Text S2. Simulation Workflow

We seek to simulate the dynamic Coulomb Wedge model earthquake cycle (Wang and Hu, 2006) in our simulations. We first prepare the fault for dynamic slip by preconditioning it during steady backwall displacement, holding the initial basal friction at 0.04. This represents the interseismic stage. This preconditioning ensures high shear stress along the fault and the accumulation of elastic strain energy within the wedge. To simulate the dynamic stage of the earthquake cycle, we reduce the friction coefficient along the basal decollement beneath the inner wedge to approximate velocity weakening and either increase or maintain the basal friction beneath the outer wedge to approximate velocity strengthening.

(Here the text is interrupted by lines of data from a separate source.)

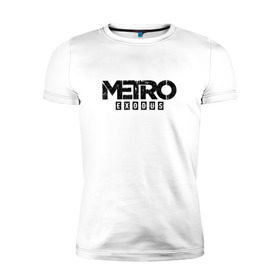 Мужская футболка премиум с принтом Metro: Exodus в Курске, 92% хлопок, 8% лайкра | приталенный силуэт, круглый вырез ворота, длина до линии бедра, короткий рукав | Тематика изображения на принте: metro | metro exodus | метро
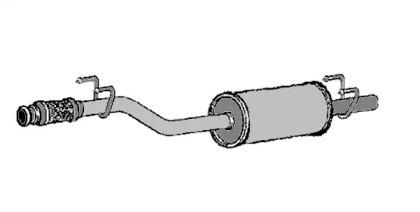 Klarius 240987 Muffler assy front Klarius 240987 Muffler assy front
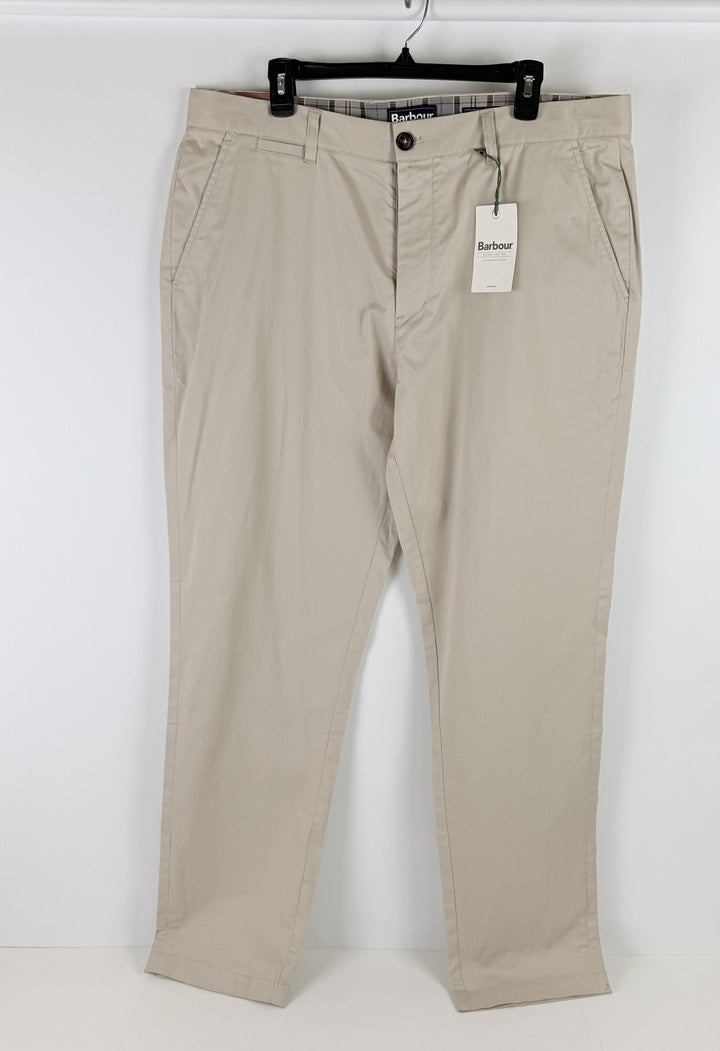 Translation missing: en.Barbour Men's Tailored-Fit Lightweight Stretch Chino Pants Beige-40x32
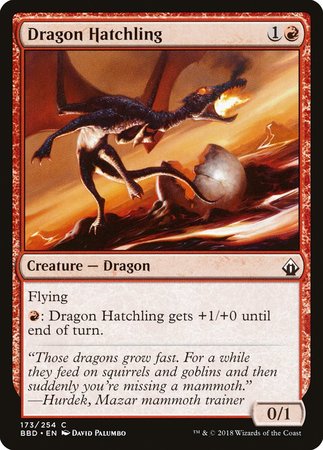 Dragon Hatchling [Battlebond] | Spectrum Games
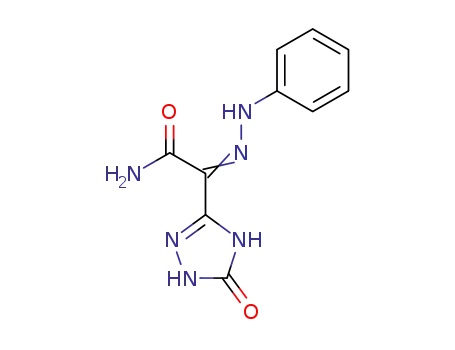 Molecular Structure of 115998-45-3 (5-<phenylhydrazono-(carbamoyl)-methyl>-1,2,4-triazol-3-one)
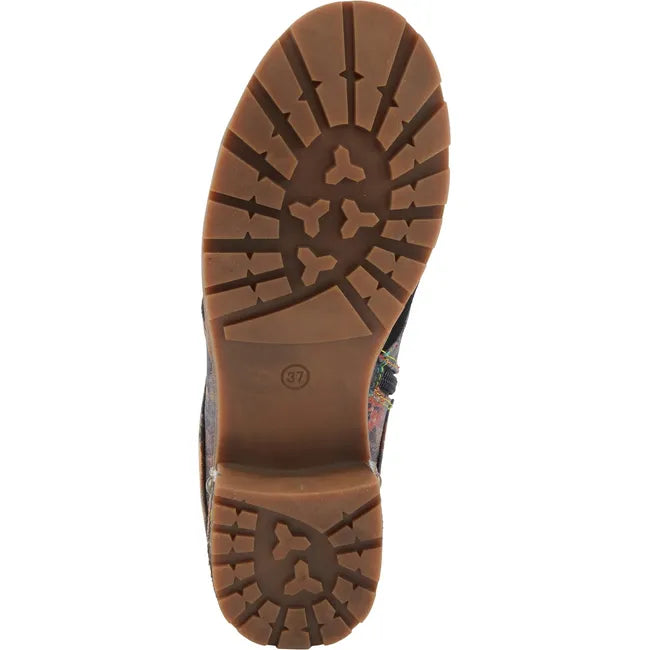 L'Artiste Women's Serna Boot Black Multi Suede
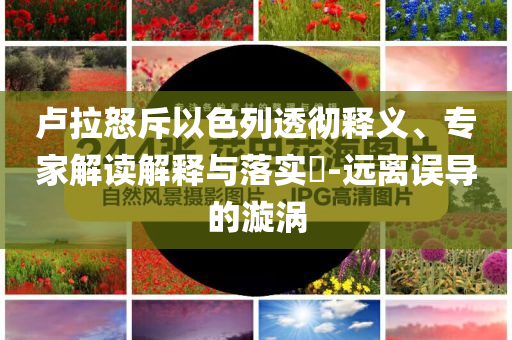 盧拉怒斥以色列透徹釋義、專(zhuān)家解讀解釋與落實(shí)?-遠(yuǎn)離誤導(dǎo)的漩渦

Pre-earthquake Loading Stage
To simulate the interseismic (preconditioning) period, the right wall of the wedge moves inward at a constant horizontal velocity (vx) of 1 m/s, under constant basal friction conditions. During this preconditioning stage, the system state is recorded at increments of 200 m of backwall displacement. The internal stresses within the wedge are supported by elastic deformation at interparticle contacts, defining the potential energy of the system. During this stage, the wedge deforms, either extending or contracting, depending on the basal friction conditions and the predefined wedge geometry. The preconditioning stage is complete when the model reaches its steady state, State 1. Details about the implementation of preconditioning and the discussion about the steady state can be found in Wang and Morgan (2019).
Once the wedge reaches State 1, we simulate the second stage of dynamic earthquake unloading, culminating in the final State 2. At the start of the second stage, the backwall displacement is stopped. Earthquake unloading is initiated by the reduction in basal friction beneath the inner wedge, and concurrent increase in friction beneath the outer wedge as appropriate.